1. What do I, an independent student, have to do to become an Illinois resident for tuition purposes?
The University of Illinois requires that you be a bona fide resident of Illinois for one calendar year prior to the term for which you are applying for resident status. The University's requirements to establish residency may be different than other Illinois institutions of higher education or government agencies. Bona fide residency involves being gainfully employed and actually living in the state for one year, and taking other specific actions which link you to the state of Illinois. It also requires that you reside in Illinois primarily for reasons that are not related to receiving an education.

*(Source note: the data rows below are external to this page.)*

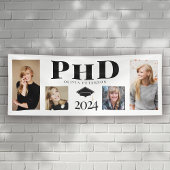 Fotocollage PhD Graduate Class of 2024 Banner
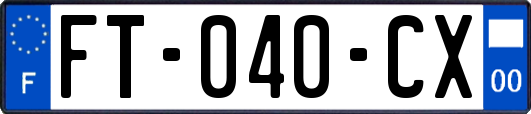 FT-040-CX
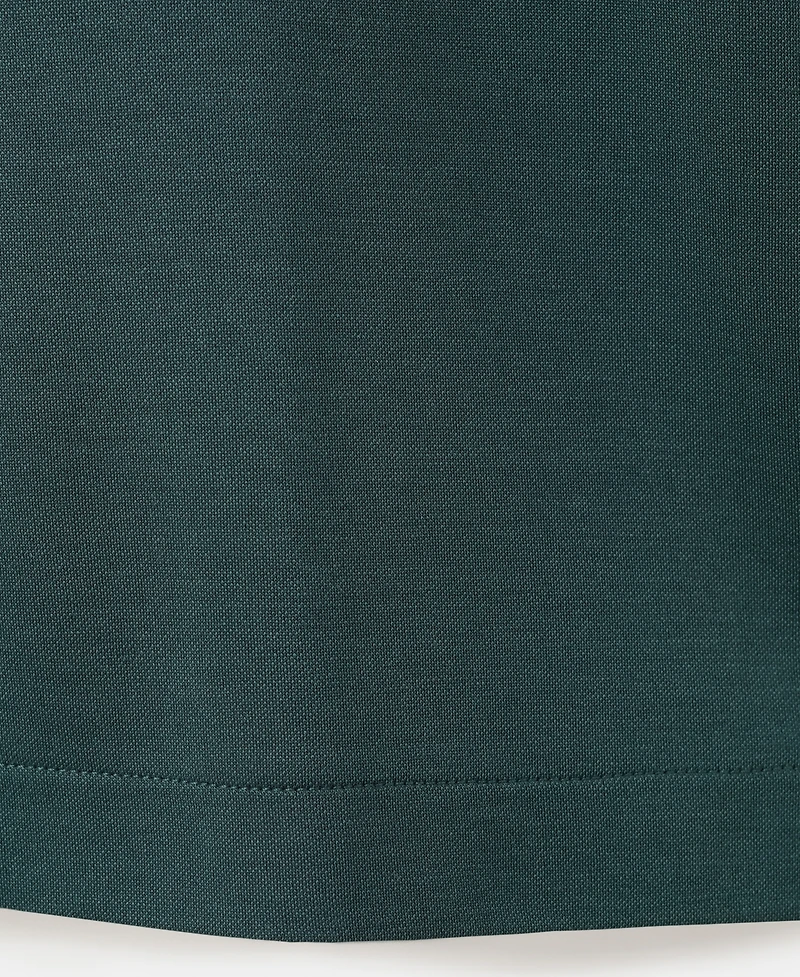 Mango Men's Fine-Knit Polo Shirt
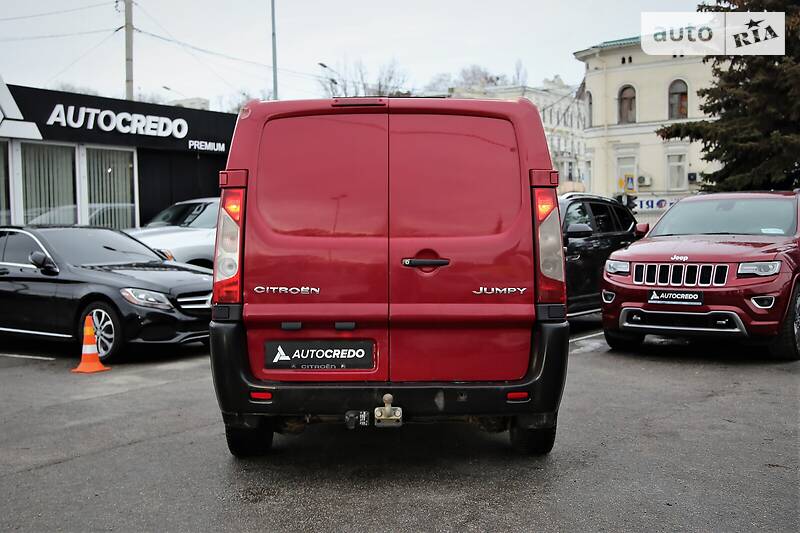 Грузовой фургон Citroen Jumpy 2009 в Харькове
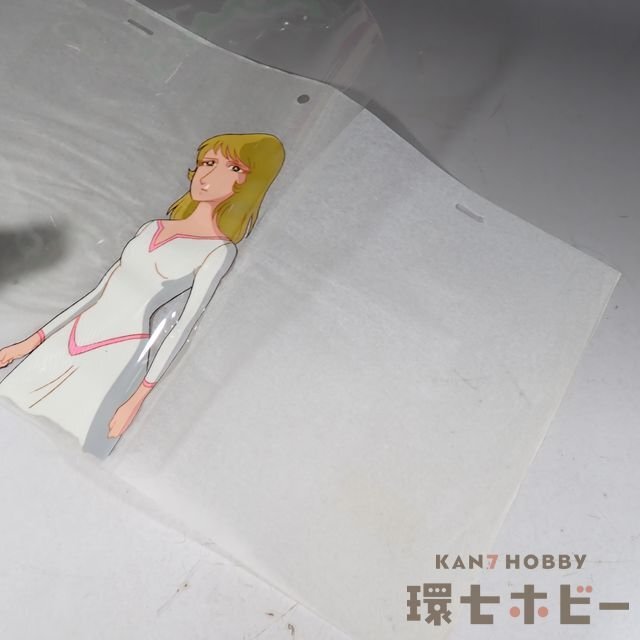 1WC22◇当時物 古い 宇宙戦艦ヤマト 森雪 セル画/昭和レトロ 1WC22◇当時物 古い 宇宙戦艦ヤマト 森雪 セル画/昭和レトロ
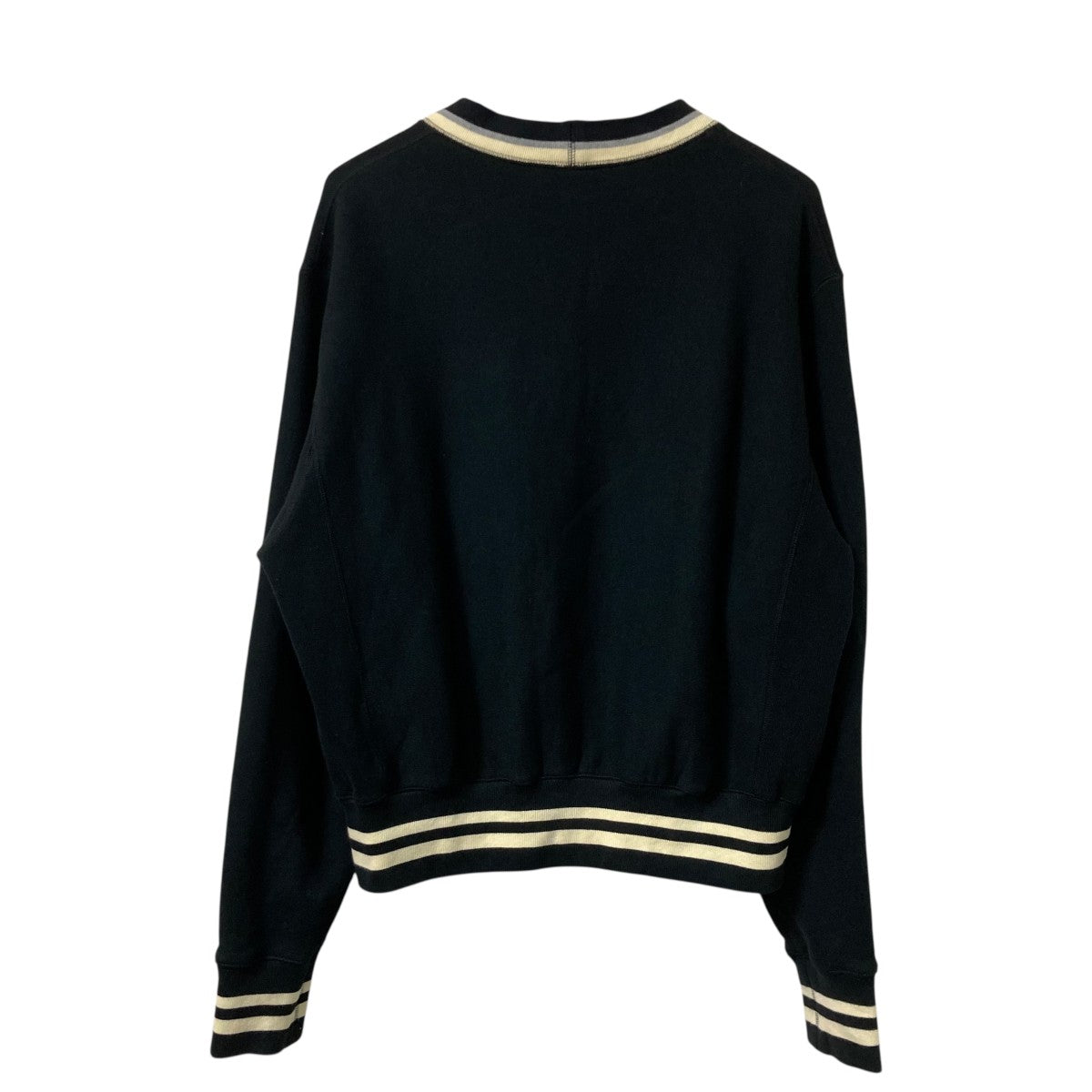 KHOKI Sweat Cardigan 24ss 新品未使用　black KHOKI(コッキ) Sweat cardigan スウェットカーディガン 24SS-t-01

It's important that actions be completed before the beginning of the term in which you are attempting to establish residency.
1. What do I, a dependent student, have to do to become an Illinois resident for tuition purposes?
It is assumed that a dependent student's residency follows his/her parent's. If a family moves to Illinois because of an employment opportunity for the family breadwinner, the dependent student is eligible for resident tuition at the start of the next academic term.
2. How important is registering to vote and getting a driver's license/or an Illinois identification card?
These actions signify intent to reside in Illinois for other than educational purposes. If eligible, you would be expected to hold the voter's registration and the driver's license or identification card for at least one calendar year prior to the term for which you are seeking resident status.
3. What is meant by gainful employment?
Gainful employment means that you earn income and file and pay taxes in Illinois on income sufficient to meet one-half of tuition, fees and normal living expenses for a one-year period. Loans from parents or support from a relative in Illinois does not constitute self-sufficiency or gainful employment, for example. Employment during the summer terms alone does not fulfill either gainful employment or the one-year requirement.

That whole bit about "residing in Illinois primarily for reasons that are not related to receiving an education" knocks out being able to receive residency for tuition purposes. And working for one year to meet the required "one-half of tuition, fees, normal living expenses" means you'd have to be pulling a pretty decent salary!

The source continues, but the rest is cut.